*Task*. Write the data out again exactly, dropping any images it holds.

[Web page caption snippets]
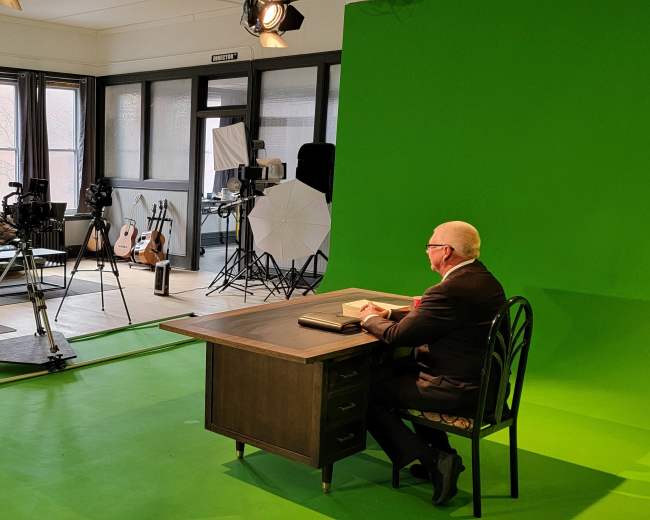 A man sits at a desk in front of a green screen in a brightly lit studio, surrounded by cameras and lighting equipment.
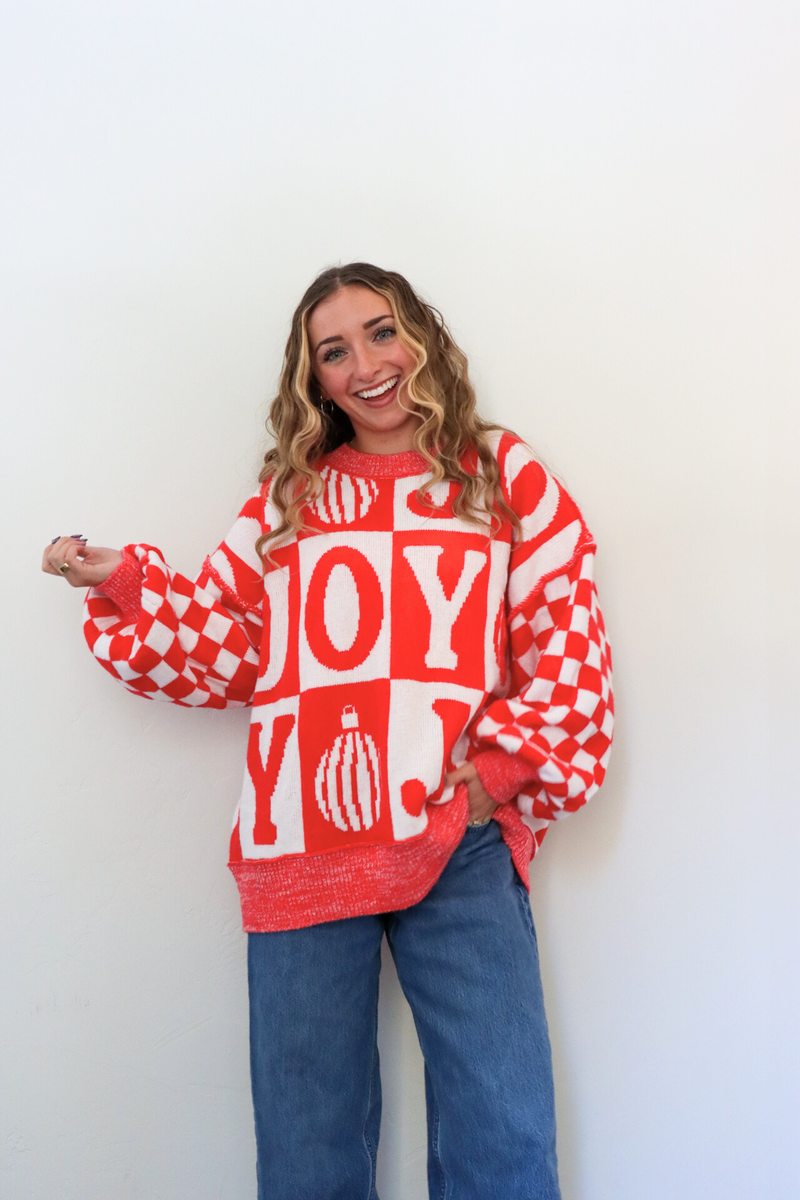 Person wearing a red and white checkered sweater with 'JOY' text against a white background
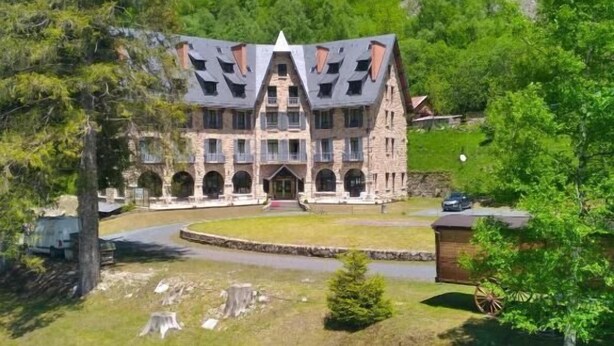 A large stone building with multiple balconies, surrounded by lush greenery and a river. - Hôtel Vignemale (Gavarnie-Gedre)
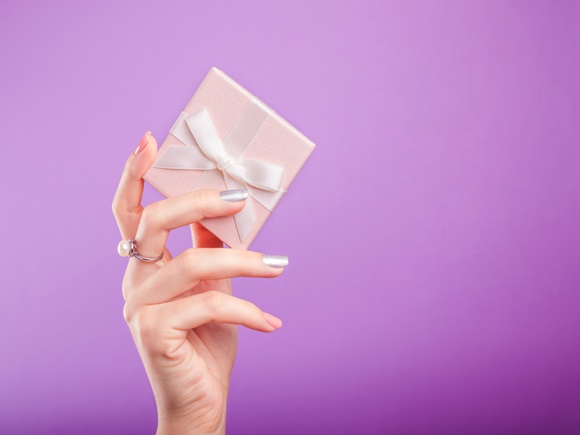 Female hands with beautiful manicure holding a small gift box on violet background_id768429292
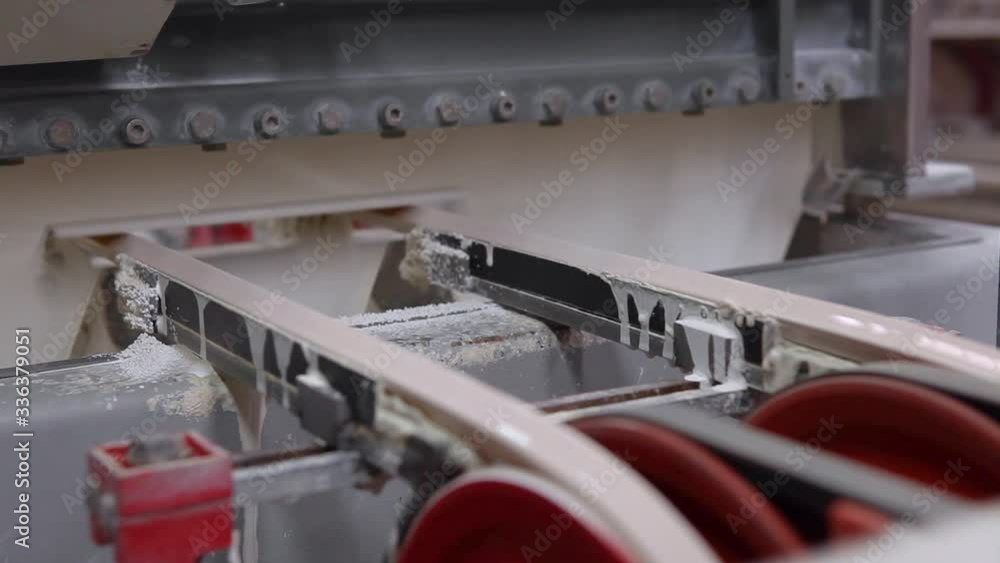 Production of ceramics, ceramic tiles are moving on the paint line conveyor. Production of ceramics, ceramic tiles are moving on the paint line conveyor.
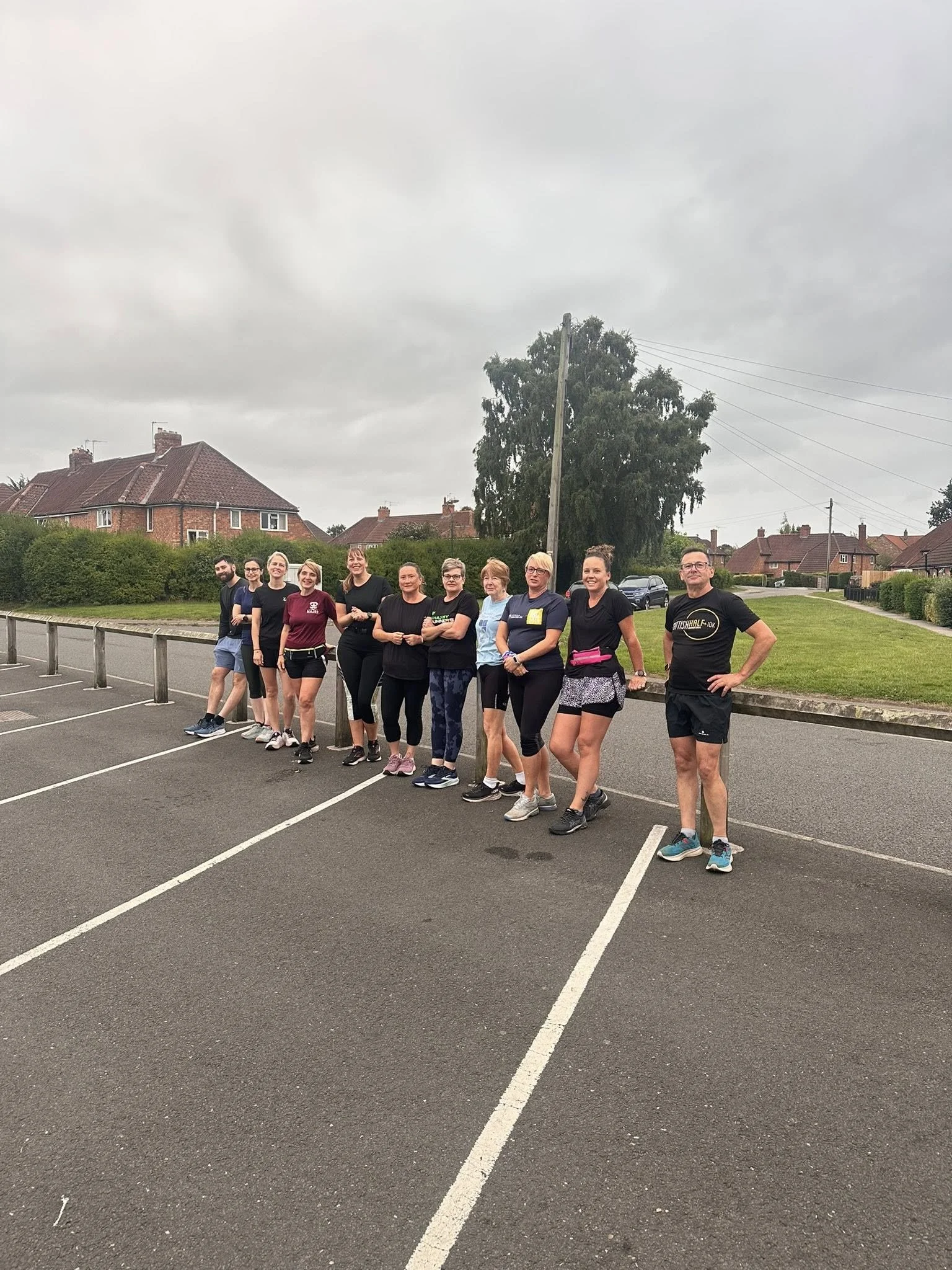Group of people dressed in athletic clothing standing in a parking lot with residential houses and trees in the background, overcast weather.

*Output of the exercise*.
 A man sits at a desk in front of a green screen in a brightly lit studio, surrounded by cameras and lighting equipment.
 Person wearing a red and white checkered sweater with 'JOY' text against a white background
 A large stone building with multiple balconies, surrounded by lush greenery and a river. - Hôtel Vignemale (Gavarnie-Gedre)
 Female hands with beautiful manicure holding a small gift box on violet background_id768429292
 Production of ceramics, ceramic tiles are moving on the paint line conveyor. Production of ceramics, ceramic tiles are moving on the paint line conveyor.
Group of people dressed in athletic clothing standing in a parking lot with residential houses and trees in the background, overcast weather.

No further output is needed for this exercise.